Black if you only have one watch. If you have multiple, the blue is better.

How many touchdowns in one game was it? lol


----------



## Viper41086

Blue gets me every time. 

Sent from my SM-G935P using Tapatalk


----------



## kcdano

I love my blue.


----------



## EekTheCat

I'd get the blue - personally I have a enuogh black dials already so another one might not get enough wrist time to justify a purchase.


----------



## ronsetoe

I had both colors in 39mm arrive today. They are birthday presents for my nephews that are turning 16 this weekend. This watch really punches above the purchase price IMO. The movement is very smooth and both watches look very nice in person. I am not impressed with the bracelet and I am glad I also purchased them the rubber strap to go along with the bracelets. All in all a very nice watch for the money and I am hoping they get a few decent years out of them and hopefully into their college years. 
The 39 seems perfect for a bony teenager whether on a strap or bracelet. BTW the blue dial is really nice and I don't think you can go wrong with either color. good luck


----------



## lowlight79

I like the black....I'm after one of these at present, but having a bit of a tough time finding one.
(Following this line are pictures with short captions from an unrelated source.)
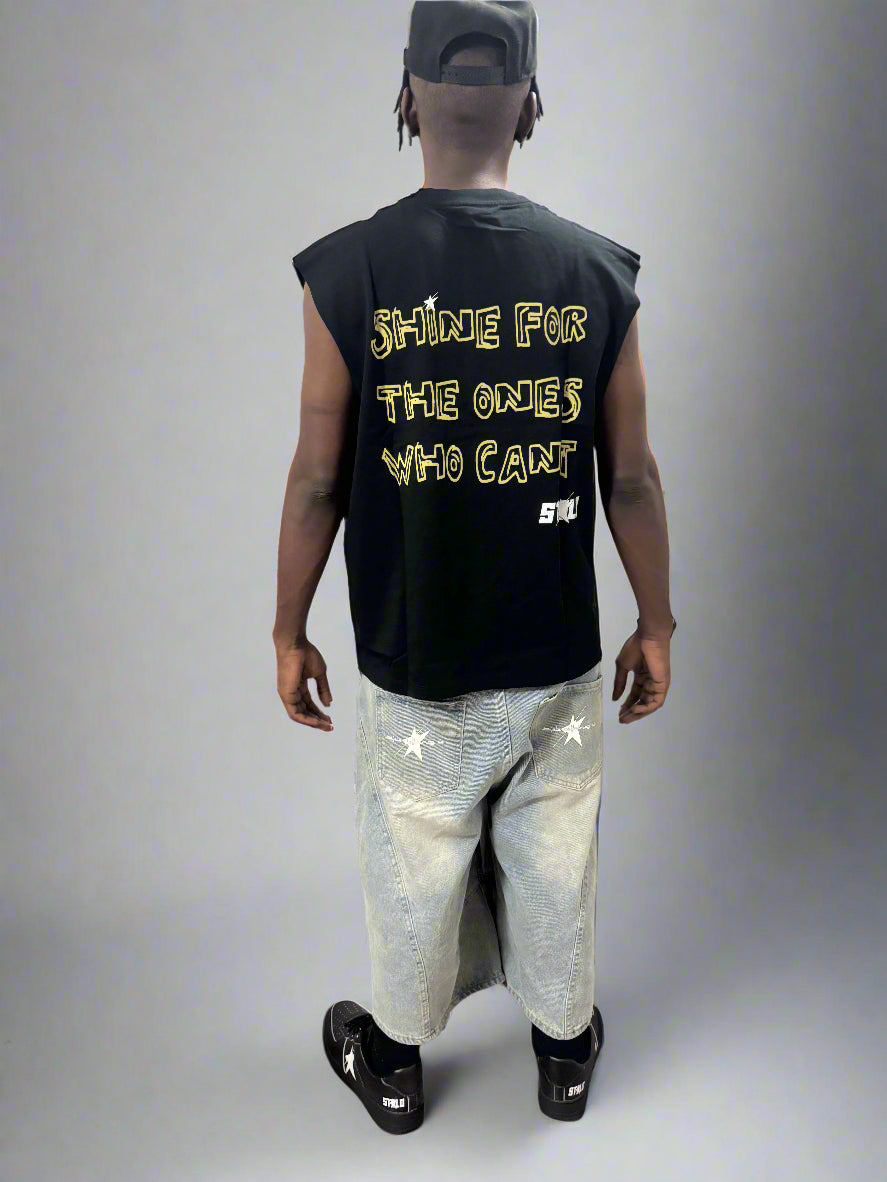 Stolo Clothing Co STILL SHINNING Raw Edge Cotton Tank Top Tee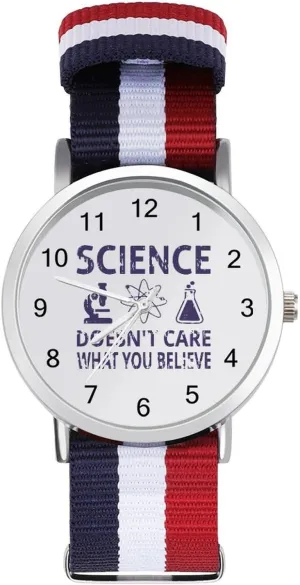 Work Casual Watch heave triangle impressive womanhood Science Believe Nylon Braided Strap Outdoor Sport Business Wrist Watches Easy Reader 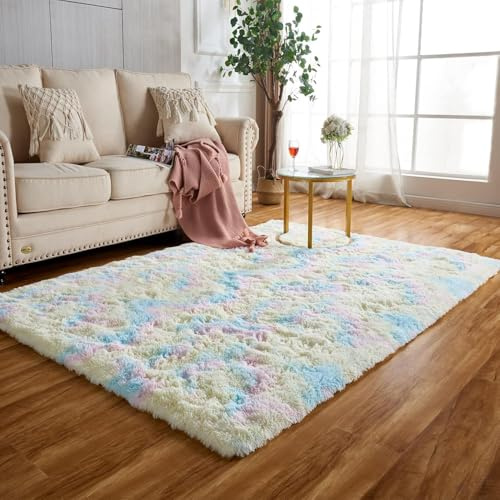Achiiso Hochflorteppich, Regenbogen Teppich Klein,Bunt Anti-Rutsch Teppich,Teppich Wohnzimmer,Flauschig Weicher Teppich (Regenbogen,80 * 120 cm)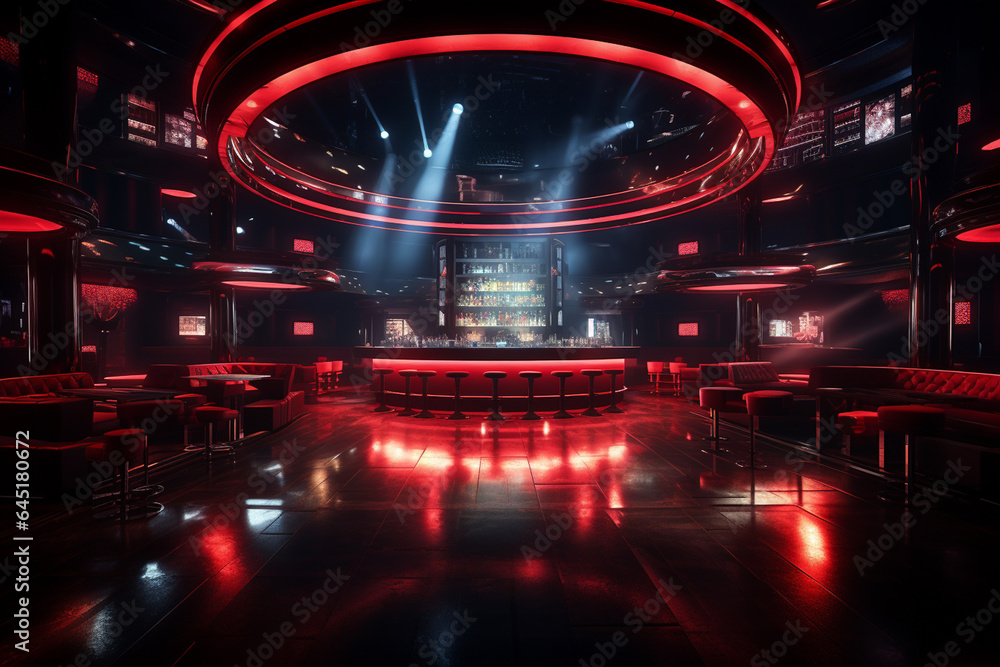 Interior of a restaurant with red sofas. 3d rendering Interior of a restaurant with red sofas. 3d rendering
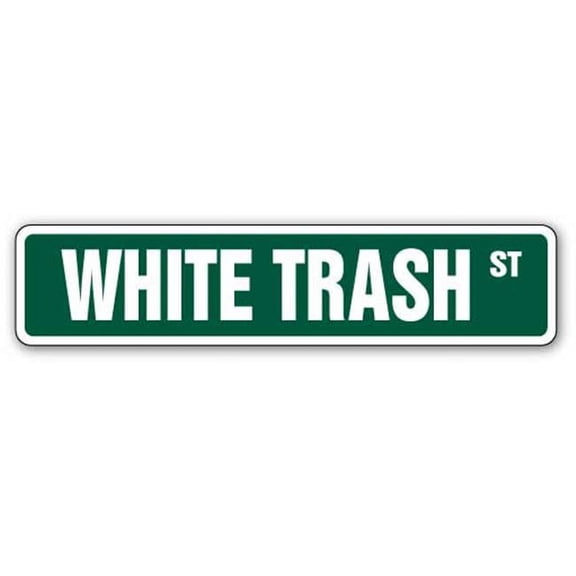 SignMission 6 x 24 in. White Trash Aluminum Street Sign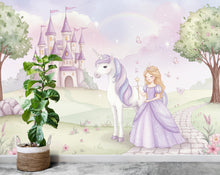 Load image into Gallery viewer, Unicorn Princess Room Wall Graphics Peel and Stick Girl room Wallpaper Nursery Self Adhesive Removable nursery wall decor Mural 728RS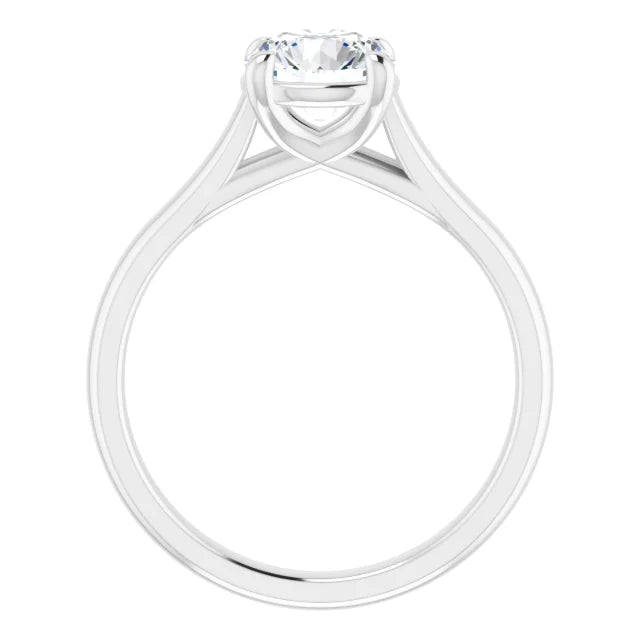 Four Claw Round Brilliant White Gold Solitaire Lab Diamond Engagement Ring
I have checked in with some local ADs. Anyone having the same trouble?


----------



## gball

I have the blue because I preferred it, so my vote goes there. It's a funny watch in a way - when it is sitting in my watch box with my others it seems pretty pedestrian-looking to be honest, but when I pull it out and put it on it absolutely transforms and really looks amazing. I've grown to love this watch as much as some of my much more expensive pieces, and it keeps incredibly accurate time.


----------



## ronsetoe

lowlight79 said:


> I like the black....I'm after one of these at present, but having a bit of a tough time finding one. I have checked in with some local ADs. Anyone having the same trouble?


What size are you looking for?


----------



## lowlight79

ronsetoe said:


> What size are you looking for?


44mm


----------